ATO Allots Time to ‘Question’ the Rules

2022-04-20

ATO Allots Time to ‘Question’ the Rules

Article by: Hari Yellina

The Australian Taxation Office has requested further input from accountants and financial advisors in response to an increase in queries and concerns about upcoming changes to the way family trust revenues may be taxed. Changes in the tax office’s recommendations could mean a closer look at how some farm family trusts allocate income to young adult members as part of tax-saving schemes for their parents. The ATO is particularly concerned about circumstances in which minors over the age of 18, whose salaries may be low or below the tax threshold, are “technically” receivers of trust payments, but the majority of the money is returned to their parents. The assumption is that the parents, or another entity, or another trust, is collecting distributions that should have gone to the younger members of the trust.

Situations when adult children send their trust profits after tax back to their parents in the form of reimbursements for past school fees paid by mother and dad are likely to be scrutinised. As part of the ATO’s explanation of Section 100a of the Income Tax Assessment Act, a variety of additional unofficial arrangements or understandings in which trust members pass the after-tax benefit to others will be investigated. Even though the ATO says its examination began partially in response to tax planners requesting greater clarification, the latest draught guidelines alarmed some trust operators and their accountants.

Some advisors were now concerned that they would face legal action as a result of advice given to their farming family clients as part of a permissible tax strategy. They were particularly afraid that the new guidance would result in retrospective penalties or potentially the loss of their licence. Jeremy Hirschhorn, the ATO’s acting commissioner, indicated taxpayers who relied on previous guidance released in 2014 will not be pursued for retrospective payments when challenged by Nationals Senator Susan McDonald during recent Senate estimates hearings.

Mr Hirschhorn further clarified that promoter fines would not apply to accountants or advisors who offered conventional trust payment advice and were not “selling aggressive 100a-style schemes.” “Until we release this new guidance, we will continue to follow our 2014 guidelines,” he stated. “Prudent ordinary tax planning transactions” were not intended to be captured. “Our stance is that if a trust beneficiary receives the benefit, Section 100a has no bearing… if the money goes to the children, we have no issues,” Mr Hirschhorn said.
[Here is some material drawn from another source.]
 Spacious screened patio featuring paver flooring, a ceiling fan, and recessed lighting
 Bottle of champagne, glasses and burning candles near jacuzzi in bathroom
He acknowledged that many individuals concerned about the guideline update may not completely grasp the ATO’s approach, but wanted to allay “many unwarranted anxieties” once consultation with tax industry specialists was completed and fresh advice was issued.

Public feedback will now be welcomed until the end of April, due to the increased concern and volume of contributions created by the review. According to an ATO representative, the new guideline has highlighted particular arrangements previously mentioned in the ATO’s taxpayer alerts as “greater risk.” “We hope that taxpayers and advisers will heed the advice, and that we will witness behavioural improvements in the next years,” he said. The majority of family trust activities, on the other hand, were not subject to Section 100a scrutiny. Arrangements in which the controllers of a farming family trust reinvested distributions in the trust’s commercial operations are examples of such dealings. He also mentioned that “regular familial or commercial dealings” were exempt from the Section 100a regulations.

Depending on the facts, arrangements to achieve succession planning or asset protection objectives may also qualify for this exclusion. The ATO noted that certain taxpayers and advisors were now aware that trust distribution tactics employed in previous years did not match how the law applied, and that its compliance approaches would ensure that “in practise there will be minimum disruption for earlier years.” There were no intentions to increase the number of audits committed to those years.